A back-and-forth between county tax collectors and Airbnb appears to have been going on since at least Oct. 11, when the county notified Airbnb of its obligations in writing, per a copy of the letter obtained by ARLnow.
“The Commissioner of Revenue’s legal counsel has advised the company of its obligations and staff continues to follow up to ensure compliance,” Anderson said.
The Commissioner of Revenue has the power to determine how much should have been collected and can assess Airbnb for owed taxes, said William J. Burgess, the deputy commissioner and legal counsel for the Office of the Commissioner of Revenue.
The Arlington County Treasurer’s Office, meanwhile, “has the power and responsibility to collect payment of delinquent amounts,” he added.
Airbnb claims it hasn’t paid the TOT tax yet because of “ambiguity” in the state law. The company says it does not have the authority to collect this tax and has just started having conversations aimed at reaching a “technical solution” allowing it to collect this tax.
“Airbnb believes in helping our community pay taxes, and we have been collecting and remitting Virginia state sales tax on behalf of our Hosts since 2019, like we do in thousands of jurisdictions around the world,” said Laura Rillos, an Airbnb spokeswoman. “Unfortunately, as written, SB 1398 does not legally authorize Airbnb to collect and remit local transient occupancy taxes.”
“We are committed to working with lawmakers and stakeholders to find a technical solution so that all platform businesses have a basis to collect under the law,” Rillos continued. “We remain committed to working with communities and stakeholders across Virginia to support tourism recovery and help deliver these important tourism dollars.”
One local host who has been following this issue closely, reaching out to the county and Del. Patrick Hope (D-47) to see what is being done to get Airbnb in compliance, told ARLnow that the county could be getting shortchanged by hundreds of thousands of dollars.

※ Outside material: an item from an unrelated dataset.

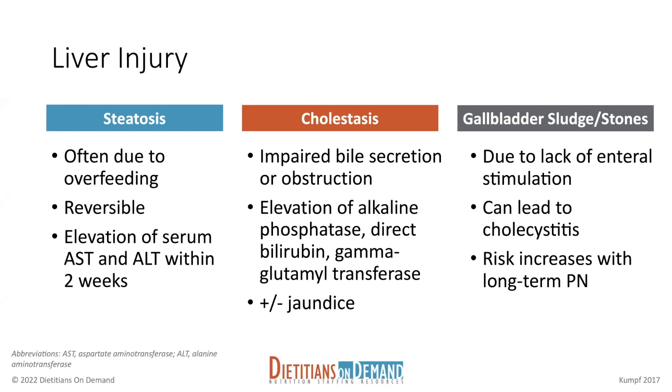Cholestasis happens because of impaired bile secretion or obstruction. So if you have an obstruction in the bile ducts or the gallbladder isn't able to release bile for whatever reason, you can have cholestasis. You're going to have an elevation in your ALKFOS, direct bilirubin or conjugated bilirubin, and your gamma glutamyl transferase or GGT.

“Airbnb was actually not collecting TOT from my guests, or guests in Arlington in general, as the company should have been,” said Diane Page, who has been letting out a suite attached to her Arlington Forest house since 2017. “I knew this because I saw my guest invoices, and when I randomly looked at other private (not corporate) Airbnb listings in Arlington, saw that Airbnb was not charging TOT.”
Using AirDNA data, Page estimates that the county could be missing out on more than $100,000 a month in taxes from Airbnb.